Chicago Cubs – No. 5
- Second baseman / Outfielder
- Born: January 29, 2003 (age 23) Fairfax, Virginia, U.S.
- Bats: RightThrows: Right

MLB debut
- July 25, 2026, for the Chicago Cubs

MLB statistics (through August 16, 2026)
- Batting average: .125
- Home runs: 0
- Runs batted in: 0

Teams
- Chicago Cubs (2026–present);

= James Triantos =

American baseball player (born 2003)

James Douglas Triantos (born January 29, 2003) is an American professional baseball second baseman and outfielder for the Chicago Cubs of Major League Baseball (MLB).

==Amateur career==
Triantos attended and played high school baseball at James Madison High School in Vienna, Virginia. During his senior year, he hit .712 while striking out only twice and also pitched to a 1.18 ERA, leading his team to a Class 6A State Championship. Triantos reclassified from the 2022 draft class to the 2021 class.

==Professional career==
Triantos was selected in the second round of the 2021 Major League Baseball draft by the Chicago Cubs. He signed for $2.1 million, forgoing his commitment to play college baseball at the University of North Carolina. He saw limited action with the rookie-level Arizona Complex League Cubs during his first professional season, and posted a .327/.376/.594 slash line in 25 games.

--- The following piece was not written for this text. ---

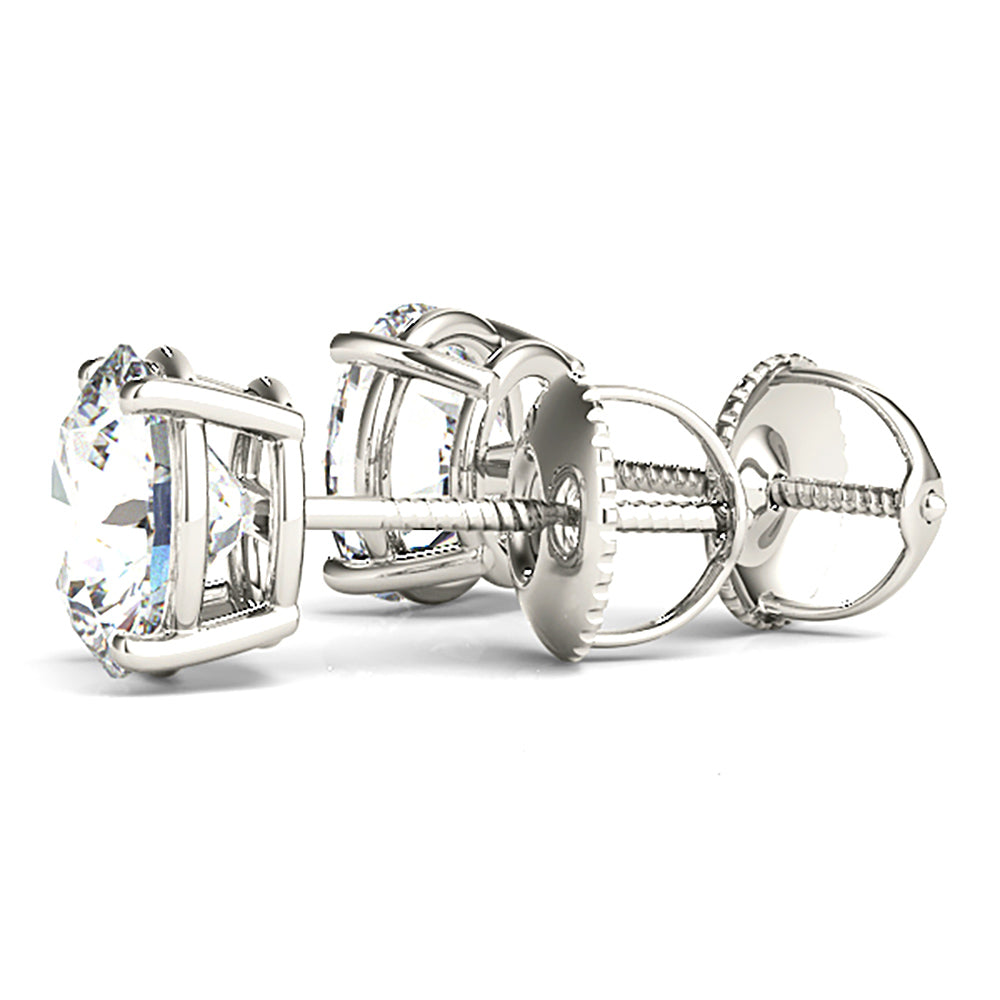 Classic Four Prong Diamond Stud Earrings-VIRABYANI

In 2025, Triantos made 110 appearances for the High-A South Bend Cubs and Triple-A Iowa Cubs, batting .259/.315/.370 with seven home runs, 47 RBI, and 31 stolen bases. On November 18, 2025, the Cubs added Triantos to their 40-man roster to protect him from the Rule 5 draft.

Triantos was optioned to Triple-A Iowa to begin the 2026 season.